En el mundo desarrollado, progresistas de ideas
izquierdistas ya no idolatran al proletariado como la reserva moral de un mundo
contaminado por la burguesía. Puesto que sus integrantes se aferran a su propio
estilo de vida y protestan contra la llegada masiva de inmigrantes que ha
llenado a muchas ciudades de grandes “guetos” vedados a los nativos, el proletariado
actual les parece reaccionario y racista, cuando no neonazi. En Francia, los
que décadas atrás votaban a candidatos comunistas respaldan al Frente Nacional
de Marine Le Pen, en Alemania se ensañan con los inmigrantes extracomunitarios,
en Italia apoyan a Silvio Berlusconi o a la Liga Norte.
En buena lógica, no sirve para mucho culpar a “Europa” por
el destino ingrato de quienes carecen de los recursos necesarios para prosperar
en sociedades avanzadas, pero la incapacidad patente de los eurócratas de manejar
los problemas ocasionados por el desarrollo despiadadamente selectivo que
beneficia a los más dotados pero perjudica mucho a una proporción creciente de
los demás, los ha desacreditado a ojos de los perdedores.
No sólo en el Reino Unido sino también en otros países
europeos levanta ampollas la soberbia de personajes como Juncker. También está
teniendo consecuencias muy negativas la voluntad de la alemana Angela Merkel de
abrir las puertas de su propio país para que entraran millones de inmigrantes
tercermundistas, para entonces procurar obligar a sus vecinos a emularla.

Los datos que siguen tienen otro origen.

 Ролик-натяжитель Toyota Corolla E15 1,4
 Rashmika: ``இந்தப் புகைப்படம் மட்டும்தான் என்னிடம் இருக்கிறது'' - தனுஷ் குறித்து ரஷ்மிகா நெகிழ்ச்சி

Aunque los británicos que hicieron campaña a favor de la salida se opusieron
formalmente sólo al ingreso irrestricto de polacos, rumanos y otros europeos,
no ignoraban que, tanto en su propio país como en los del continente, los
inmigrantes menos populares son los musulmanes, de ahí las acusaciones de
“racismo”.
Mucho dependerá de lo que suceda en los meses próximos en el
Reino Unido y en otras partes de Europa. Si los pronósticos más sombríos acerca
de la evolución inmediata de la economía británica se confirman en la realidad,
pero la de la Eurozona se recupera de sus muchas dolencias, el apoyo al Brexit
en las islas se debilitaría con rapidez, lo que crearía una situación
paradójica, ya que en tal caso los más interesados en forzar la salida serían
los miembros más fervorosos de una “casta” política europea desprestigiada.

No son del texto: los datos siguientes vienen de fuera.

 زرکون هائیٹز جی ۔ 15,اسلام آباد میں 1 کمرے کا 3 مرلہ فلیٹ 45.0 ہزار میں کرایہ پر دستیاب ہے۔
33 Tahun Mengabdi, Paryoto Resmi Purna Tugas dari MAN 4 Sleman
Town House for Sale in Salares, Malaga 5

Pero si, como es más probable, todos sufren a causa de la postura vengativa
asumida por los eurócratas, se intensificarían las presiones de los del Sur y
Este de Europa que están pidiendo reformas drásticas.
Sin los británicos, el poder relativo de Alemania aumentaría
mucho. Ya se han ido para siempre los días en que los franceses, cuya economía
está tambaleando, podían encargarse de la estrategia política de la UE, de tal
modo limitando la influencia de su vecinos del otro lado del Rin; no sólo ellos
sino también los griegos, italianos y otros están cansados de tener que
someterse a la rígida disciplina teutona. No extrañaría, pues, que el euro
resultara ser una víctima del Brexit. Tampoco extrañaría que los franceses, que
son tan nacionalistas como los británicos y que, según una encuesta reciente,
propenden a ser aún más “euroescépticos”, empezaran a mostrarse reacios a
seguir compartiendo una casa con socios tan fuertes como los alemanes.

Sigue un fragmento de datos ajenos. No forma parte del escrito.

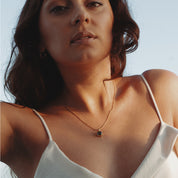 Collar de cristal cuadrado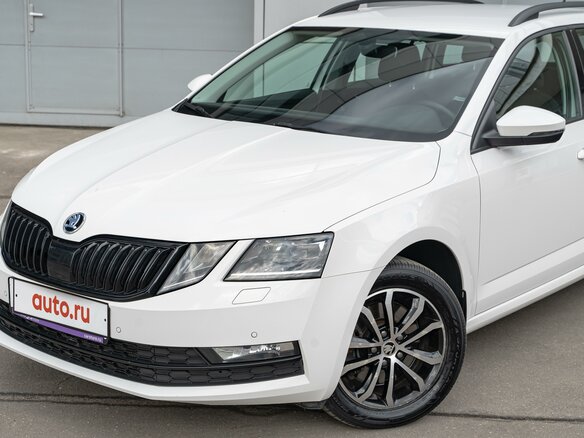 2017 Skoda Octavia III (A7) Рестайлинг, белый - вид 1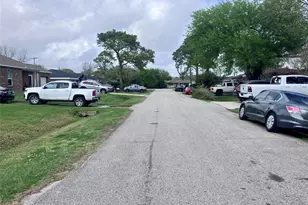 1313 N Noble Rd, Texas City, TX 77591 - Photo 22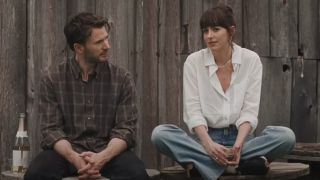 Chris Evans and Dakota Johnson in Materialists.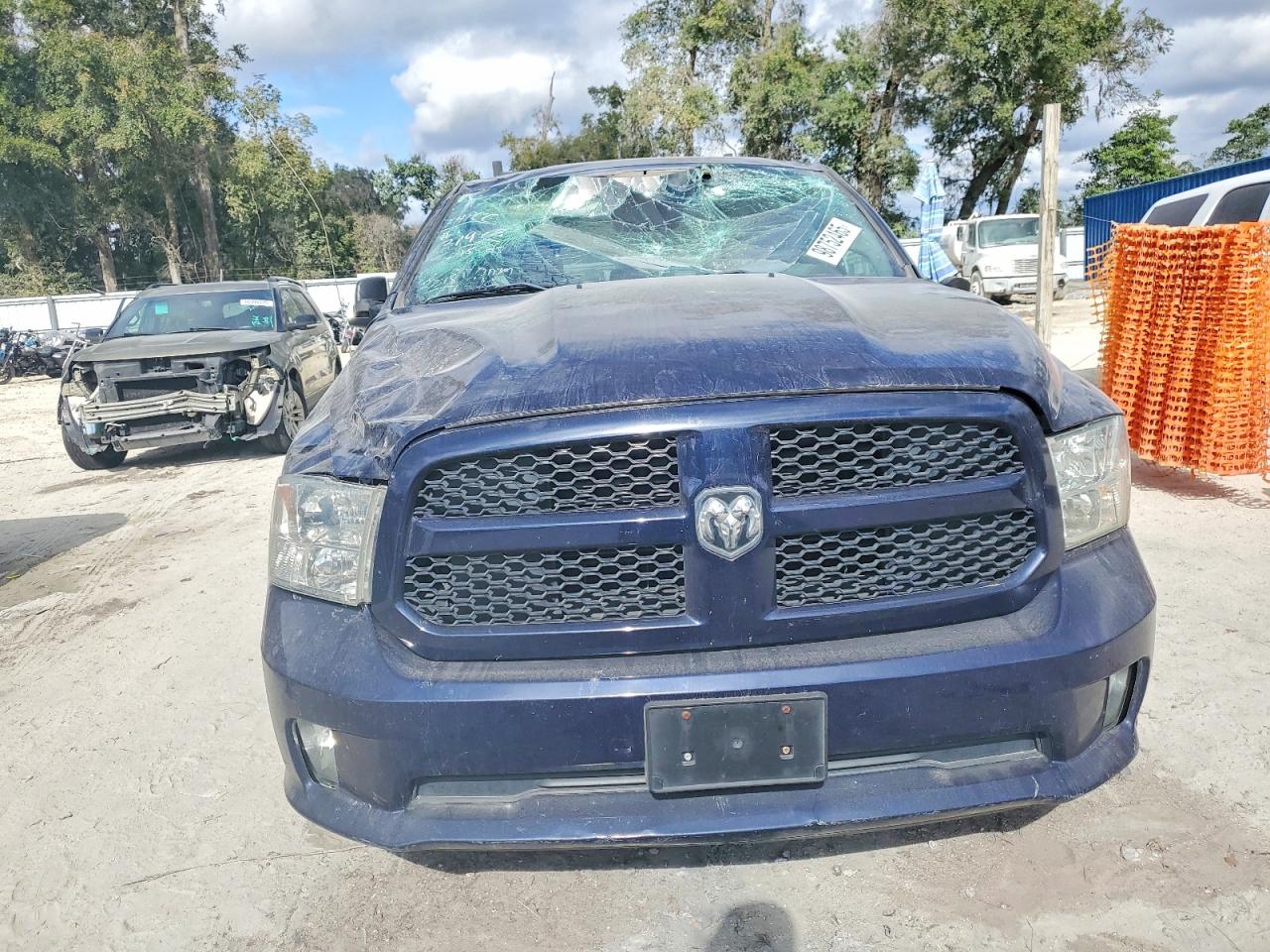 2018 RAM 1500 ST photo 5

En el transcurso de la campaña que culminó con el triunfo
del Brexit, los asesores de conservadores como Johnson y Gove dieron a entender
que en su opinión, Francia e Italia se dirigían hacía una catástrofe financiera
y que por lo tanto sería mejor que el Reino Unido se distanciara todavía más
del escenario del derrumbe que preveían. Puede que haya sido cuestión de una
fantasía maligna, pero el que, hasta hace poco más de una semana, el consenso
era que el estado económico de la Eurozona era llamativamente peor que aquel
del Reino Unido, significa que en una guerra político-comercial entre los
isleños y los continentales, los costos se verían repartidos. Así las cosas, lo
más racional sería que, una vez superado el estupor inicial, los protagonistas
del drama europeo optaran por intentar minimizar los daños ocasionados por la
decisión de Cameron de consultar a sus compatriotas para que tuvieran la
penúltima palabra sobre un asunto de importancia mundial pero, como sabemos, en
política el corazón puede más que el cerebro.